376 A.2d 1058, 119 R.I. 14, 1977 R.I. LEXIS 1879
CourtSupreme Court of Rhode Island
DecidedJuly 28, 1977
Docket76-276-A
StatusPublished
Cited by18 cases

This text of 376 A.2d 1058 (Brimbau v. AUSDALE EQIUPMENT RENTAL CORPORATION) is published on Counsel Stack Legal Research, covering Supreme Court of Rhode Island primary law. Counsel Stack provides free access to over 12 million legal documents including statutes, case law, regulations, and constitutions.

Bluebook
Brimbau v. AUSDALE EQIUPMENT RENTAL CORPORATION, 376 A.2d 1058, 119 R.I. 14, 1977 R.I. LEXIS 1879 (R.I. 1977).

Opinion

*16 Doris, J.

This is a civil action to recover for personal injuries allegedly caused by the negligence of the defendant, Ausdale Equipment Rental Corporation (Ausdale). The case was tried to a Superior Court justice, sitting with a jury. The jury found for the plaintiff, Agostinho Brimbau, the amount of $370,550 and the defendant now appeals.
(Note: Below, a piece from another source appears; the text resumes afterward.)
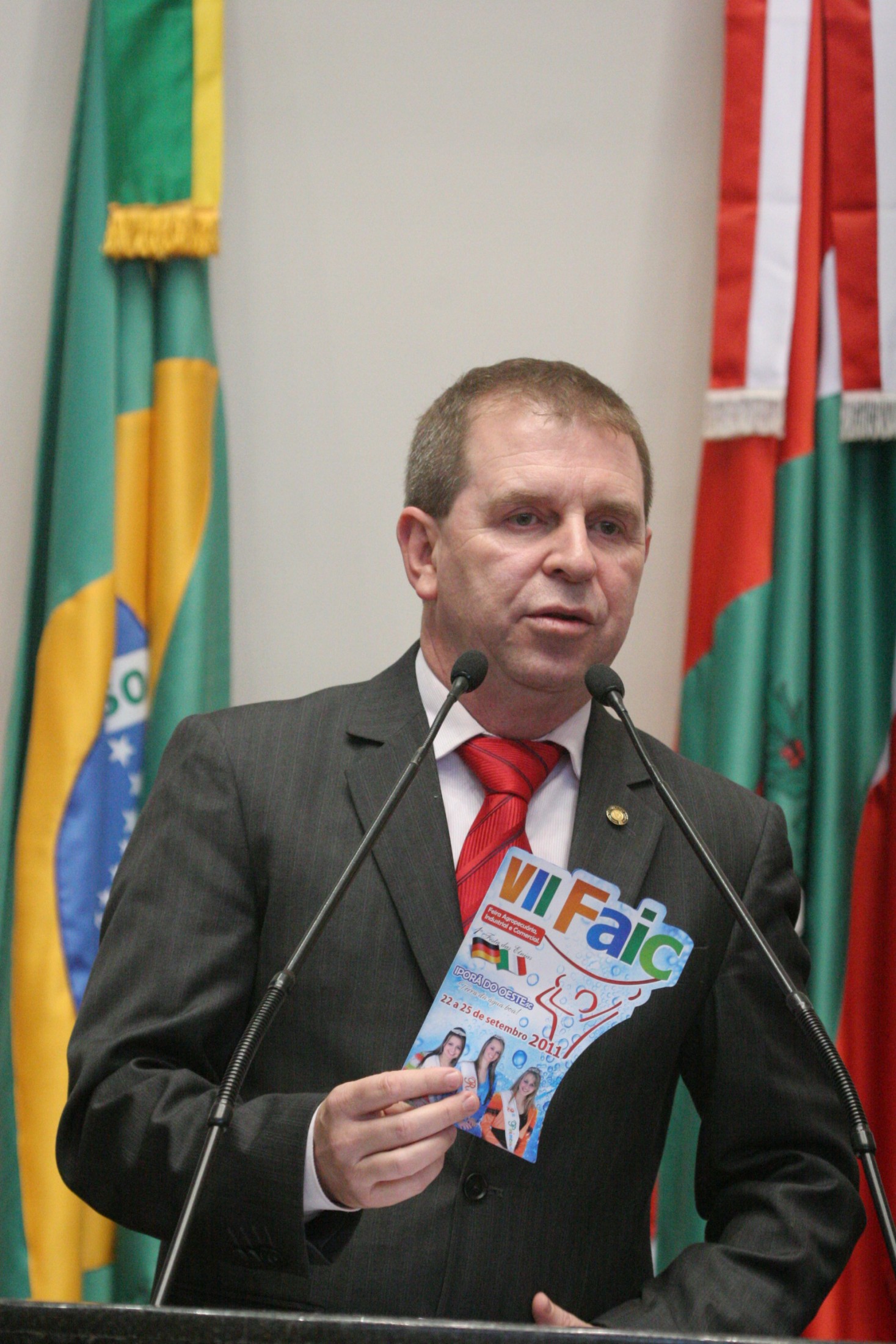Deputado Maurício Eskudilark (PSDB)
This case arose out of an accident which occurred on September 16, 1966. At that time, Brimbau was employed *17 as a laborer by the Marzano Construction Company, Inc. (Marzano Construction) at a construction site in the city of Warwick. Marzano Construction was there engaged in the installation of storm drains, and Brimbau was part of a pipelaying crew. The crew consisted of Rocco Marzano, who was the backhoe 1 operator, a backhoe oiler, and two laborers. While Rocco Marzano was operating the backhoe, a cable which supported the boom and bucket snapped, causing the boom and bucket to fall to the ground. Brimbau was struck by the machine and seriously injured.

One of the central issues in the case is the exact nature of Ausdale’s involvement in the accident. Ausdale is a corporation which owned the backhoe in question. Rocco Marzano was the president and treasurer of Ausdale. It was undisputed that Ausdale had leased the backhoe to Marzano Construction several months before the accident. It was also undisputed that Rocco Marzano operated the backhoe while it was in Marzano Construction’s possession and that he received an hourly wage from Marzano Construction. There was contradictory evidence as to who was responsible for maintenance of the machine.
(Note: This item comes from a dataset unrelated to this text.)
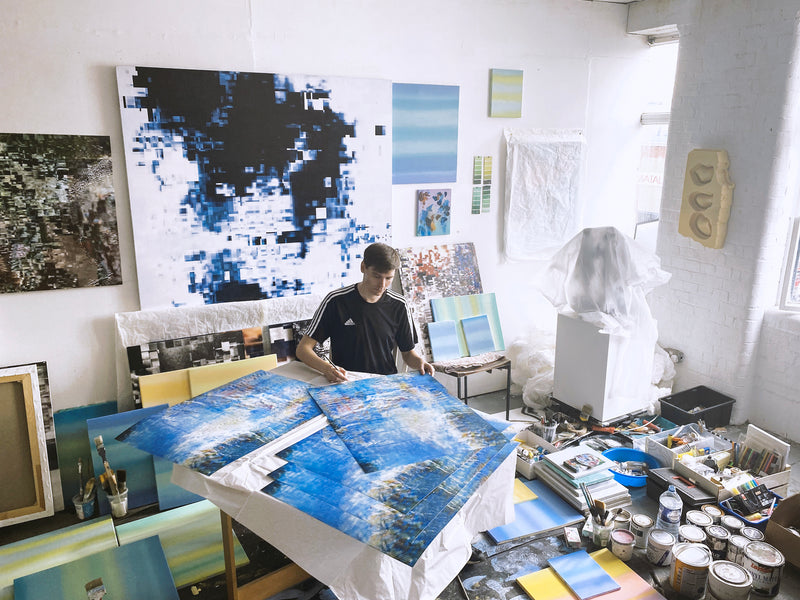Interview with Konrad Wyrebek 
Following the accident, Brimbau received payments under the Workmen’s Compensation Act. G.L. 1956 (1968 Reenactment) chapters 35 and 37 of title 28. He also brought suit against Ausdale. One count of the complaint alleged negligence; the other count asserted liability on the basis of the “exclusive control” doctrine. The jury returned a general verdict for plaintiff. Ausdale appealed the verdict on the following grounds: that the trial justice erroneously denied the motion for a directed verdict; that the charge to the jury was incorrect; that certain evidentiary rulings were incorrect; and that its motion for a new trial was erroneously denied. For the reasons which follow we grant defendant’s appeal and remand the case to Superior Court for a new trial.

*18 I. The Motion for a Directed Verdict

We consider first the trial court’s denial of defendant’s motion for a directed verdict. The law is clear both as to the role of the trial justice in ruling on such a motion and as to our role in reviewing his decision:

“[Tjhe trial justice must view all the evidence in a light most favorable to the adverse party and is obliged to give such party the benefit of all reasonable and legitimate inferences which may be properly drawn therefrom without sifting or weighing the evidence or exercising the justice’s independent judgment as to the credibility of witnesses; and, if after taking such a view, he finds that there exists issues upon which reasonable persons might draw conflicting conclusions, he should deny the motion and the issues should be left to the jury to determine. When the Supreme Court reviews the trial justice’s decision on a motion for a directed verdict, the court looks at the evidence in the same manner and fashion as the trial justice and is bound by the same rules which govern him.” Pimental v. D’Allaire, 114 R.I. 153, 156, 330 A.2d 62, 64 (1975).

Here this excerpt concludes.